Directions: Produce as output only the lines below starting at the line with "Marvel Avengers 1028 Duvet Cover 2" and continuing through the line with "PONS Reisewörterbuch Dänisch", each one exactly as written.

Records provided:
◇ ◇ ◇ ◇

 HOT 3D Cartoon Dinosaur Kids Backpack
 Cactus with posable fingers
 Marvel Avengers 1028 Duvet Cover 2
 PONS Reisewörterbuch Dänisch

◇ ◇ ◇ ◇

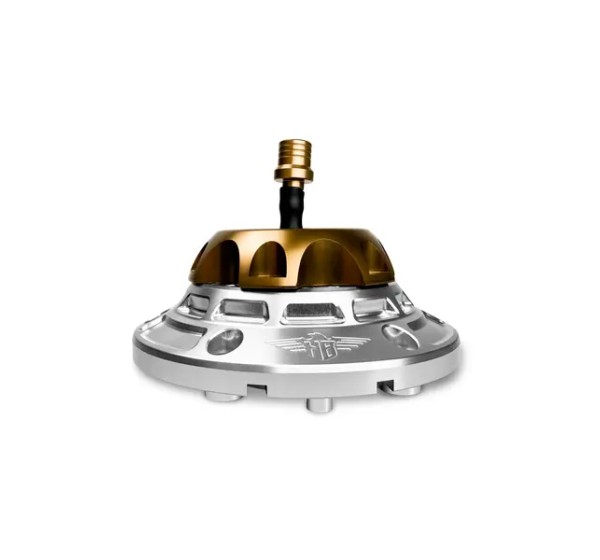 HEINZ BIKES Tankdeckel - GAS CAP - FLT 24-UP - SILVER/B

◇ ◇ ◇ ◇

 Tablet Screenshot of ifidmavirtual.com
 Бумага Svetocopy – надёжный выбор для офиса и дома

◇ ◇ ◇ ◇

Solved problem:
 Marvel Avengers 1028 Duvet Cover 2
 PONS Reisewörterbuch Dänisch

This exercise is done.